Defendant L’Oréal USA, Inc. is a major producer of beauty
products. Plaintiffs are former consumers of some of those products,
specifically a few “liquid cosmetics” like L’Oréal Visible Lift Serum
Absolute and L’Oréal Age Perfect Eye Renewal Eye Cream.
Plaintiffs brought this action because a portion of each of the
liquid cosmetics they purchased could not be extracted. Unable to
retrieve the full product—and believing that they were deceived into
buying more of the cosmetics than they could use—they sought relief
in the United States District Court for the Southern District of New
York (John G. Koeltl, Judge). They brought several common-law claims
against L’Oréal—for unjust enrichment and breach of the implied
warranty of merchantability—in addition to claims under eight state
consumer-protection statutes.
Like the District Court, we hold that Plaintiffs’ state-law claims
are, in fact, preempted by the FDCA. Accordingly, we conclude, on
that ground alone, that Plaintiffs’ claims were correctly dismissed by
the District Court and AFFIRM its judgment of July 12, 2019.
2
Laurence D. King, Matthew B. George,
Kaplan Fox & Kilsheimer LLP, San
Francisco, CA, for Plaintiffs-Appellants.

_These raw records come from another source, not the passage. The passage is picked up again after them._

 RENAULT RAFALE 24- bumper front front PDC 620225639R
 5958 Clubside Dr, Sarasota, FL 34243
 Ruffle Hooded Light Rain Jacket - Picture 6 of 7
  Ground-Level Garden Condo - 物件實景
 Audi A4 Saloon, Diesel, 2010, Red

Peter George Siachos, Gordon, Rees, Scully,
Mansukhani, LLP, New York, NY, for
Defendant-Appellee.
JOSÉ A. CABRANES, Circuit Judge:
The question presented is whether the state-law claims at issue
in this action are completely preempted by federal law, in particular,
the federal Food Drug and Cosmetic Act, 21 U.S.C. § 301 et seq.
(“FDCA”).
Defendant L’Oréal USA, Inc. (“L’Oréal”) is a major producer of
beauty products. Plaintiffs are former consumers of some of those
products, specifically a few “liquid cosmetics” like L’Oréal Visible Lift
Serum Absolute and L’Oréal Age Perfect Eye Renewal Eye Cream.

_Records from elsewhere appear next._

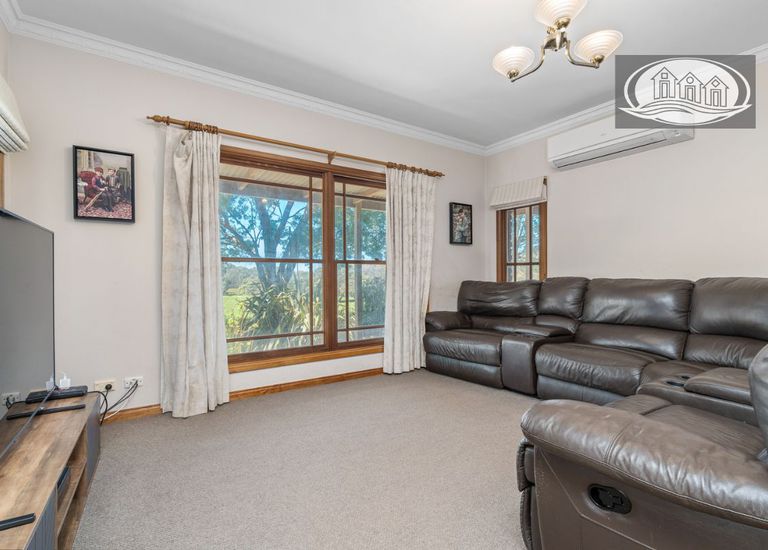 103 Benbows Road, Portland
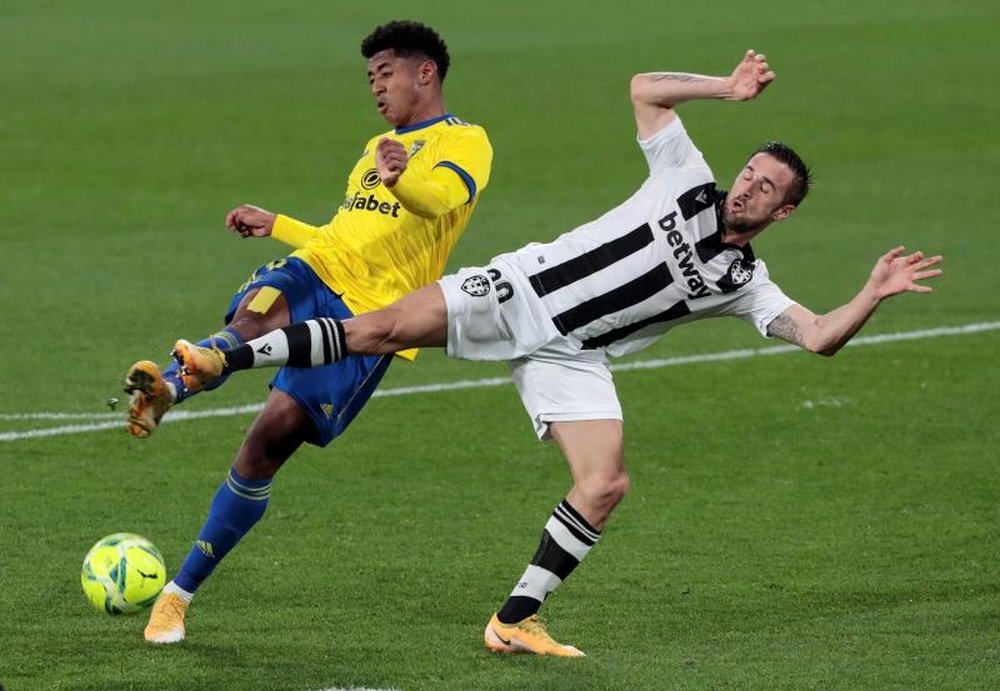 Lozano, contento con la temporada del Cádiz. EFE/Román Ríos/Archivo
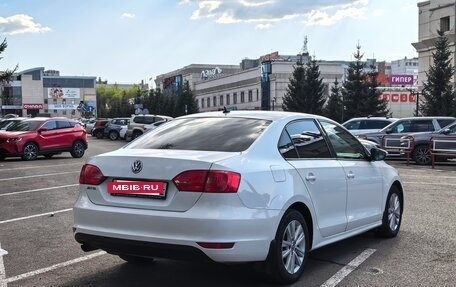 Volkswagen Jetta VI, 2013 год, 1 100 000 рублей, 2 фотография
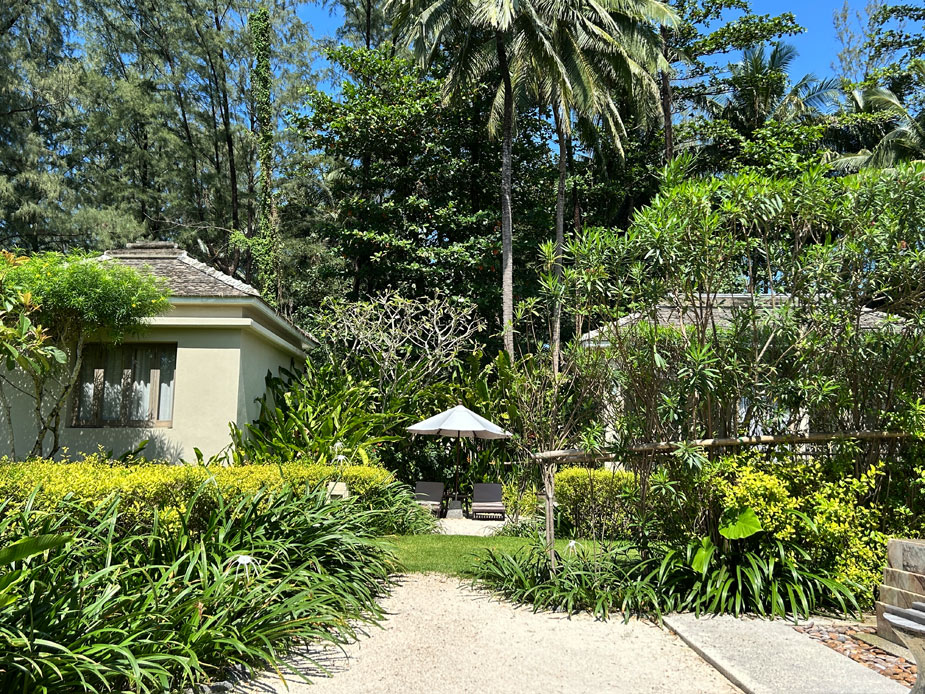 Devasom-Khaolak-Beach-Resort-otziv-1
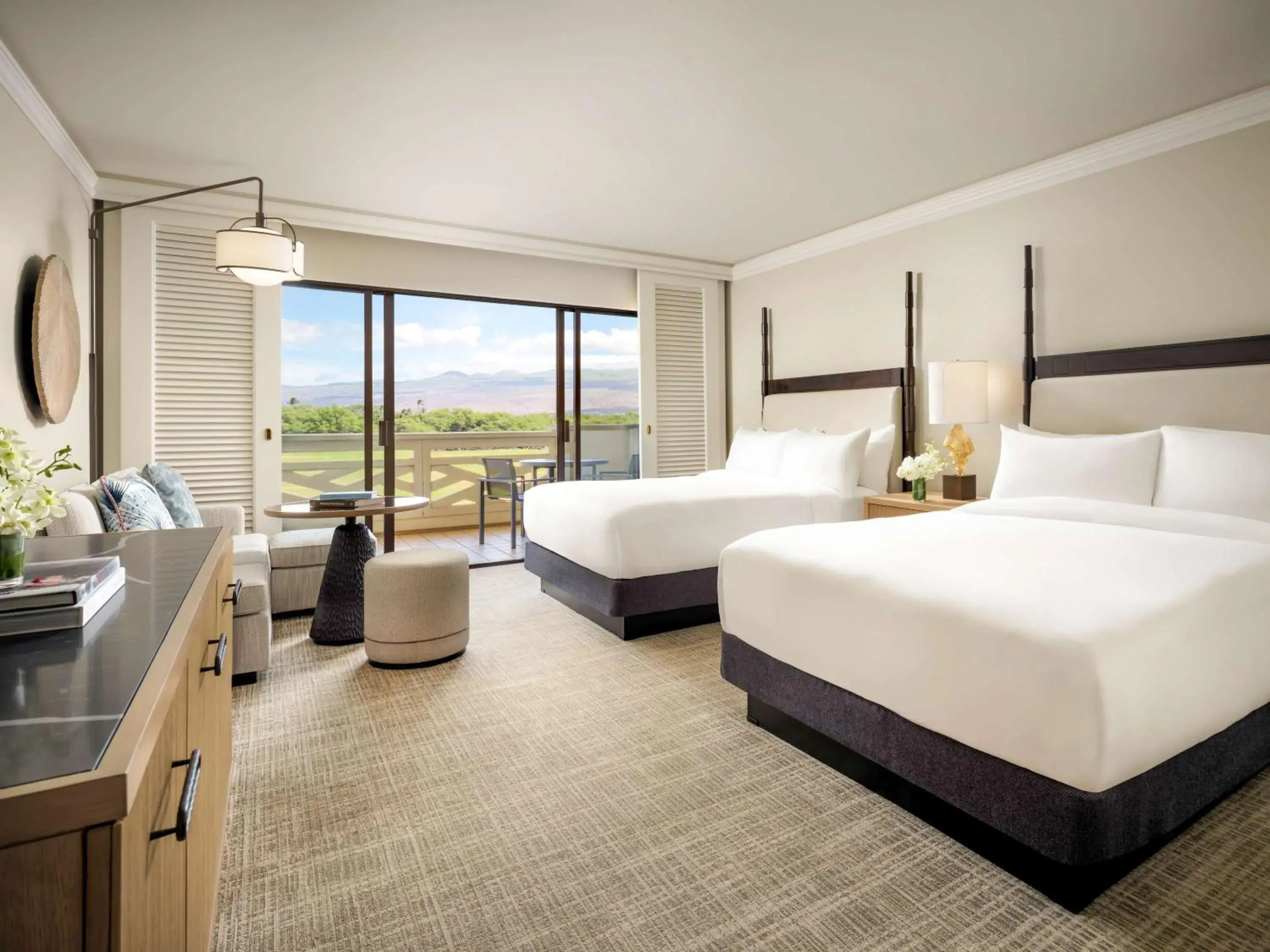 Queen Room with Partiel Ocean View in Fairmont Orchid Queen Room with Partiel Ocean View in Fairmont Orchid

Plaintiffs did not bring this suit because they take issue with the
effectiveness of such products. Rather, they bring this suit for another
reason: because the creams are not fully accessible.

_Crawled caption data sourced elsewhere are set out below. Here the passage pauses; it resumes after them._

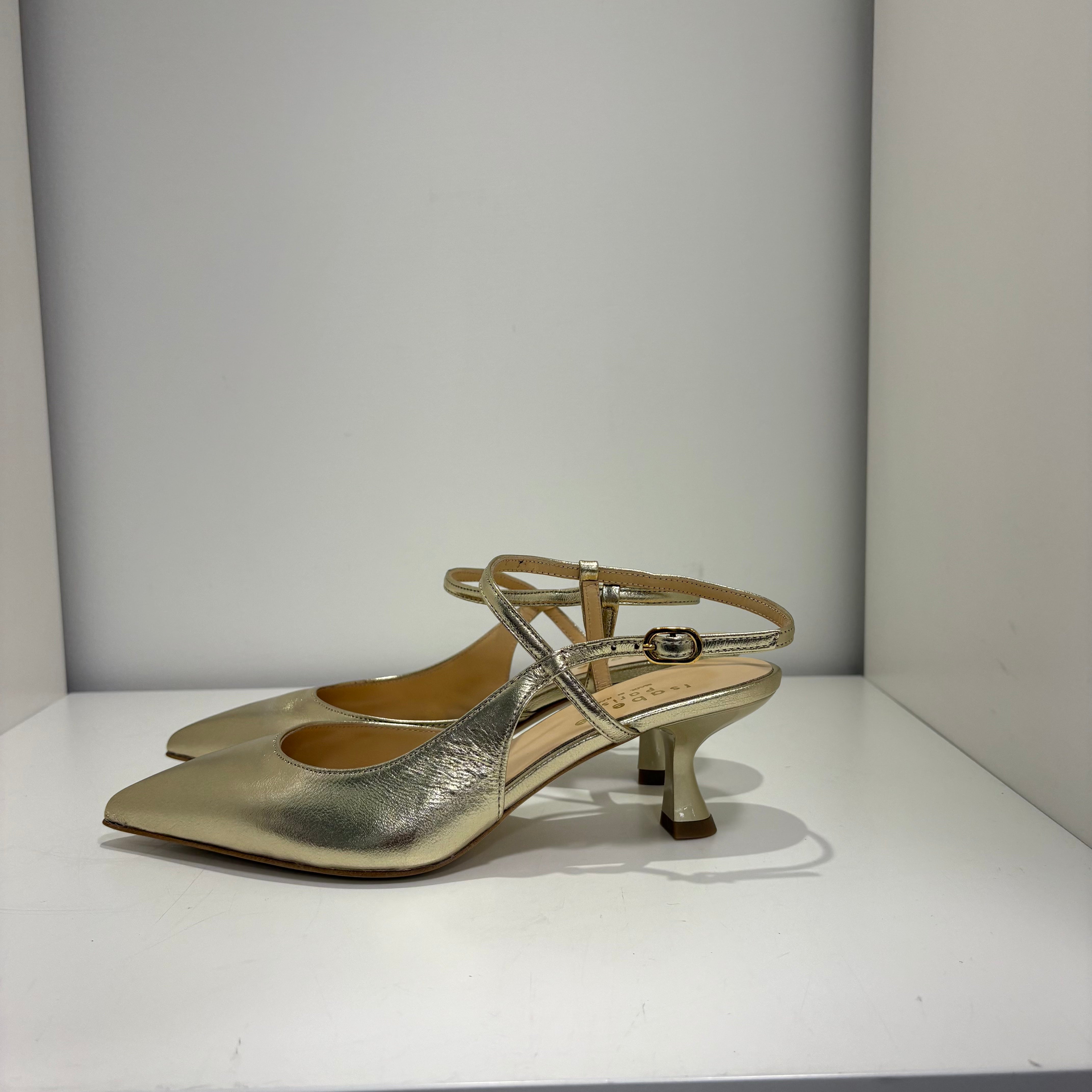 Isabelle paris punta platino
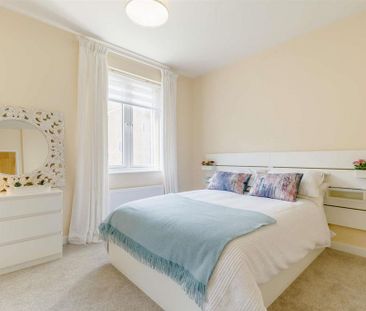 3 bedroom end of terrace house to rent - Photo 6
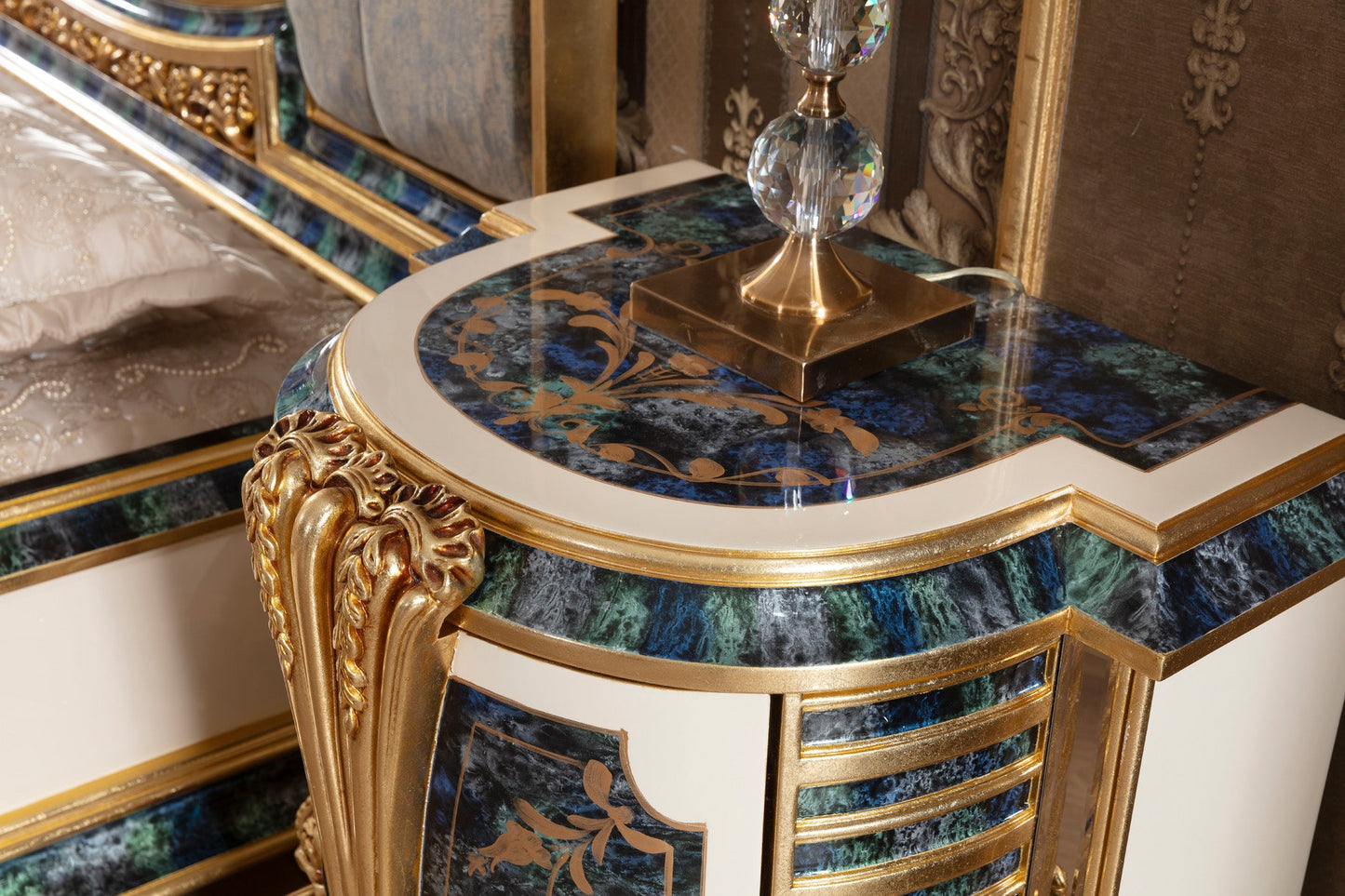 Poralis Bedroom Set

Try as they may, Plaintiffs state that a portion of each of the
creams cannot be extracted from their respective containers. Unable to
retrieve the full product—and believing that they were deceived into
3
buying more of the cosmetics than they could use—they sought relief
in the United States District Court for the Southern District of New
York (John G. Koeltl, Judge). They brought several common-law claims
against L’Oréal—for unjust enrichment and breach of the implied
warranty of merchantability—in addition to claims under eight state
consumer-protection statutes.
We hold that each of these claims is preempted by the FDCA.
Accordingly, we conclude, on that ground alone, that the claims were
correctly dismissed by the District Court and thus AFFIRM its
judgment of July 12, 2019.
I. BACKGROUND 1
Mary Tullie Critcher, one of the Plaintiffs, alleges that she
purchased L’Oréal’s Visible Lift Serum Absolute in June 2016, paying
approximately $13 for it. She was able to extract some of the Lift Serum
cream just fine. But she soon found that she was “unable to use all of
[the product] . . . because it could not be completely dispensed from its
container.” 2 This left her—to quote a customer complaint she posted
on L’Oréal’s website—“[v]ery disappointed!!” 3 Alleging that she
1 Because we are “considering [L’Oréal’s] preemption argument in the
context of a motion to dismiss,” we view “the factual allegations relevant to
preemption . . . in the light most favorable to the plaintiff[s].” Galper v. JP Morgan
Chase Bank, N.A., 802 F.3d 437, 444 (2d Cir. 2015).
2 Second Amended Complaint (“SAC”) ¶ 48.
3 Id. at ¶ 49.
4
simply thought this first container was “a lemon[,]” she went out again
to buy another package of the Visible Lift Serum Absolute. 4 But the
results were no better: “[t]he second bottle also stopped dispensing[,]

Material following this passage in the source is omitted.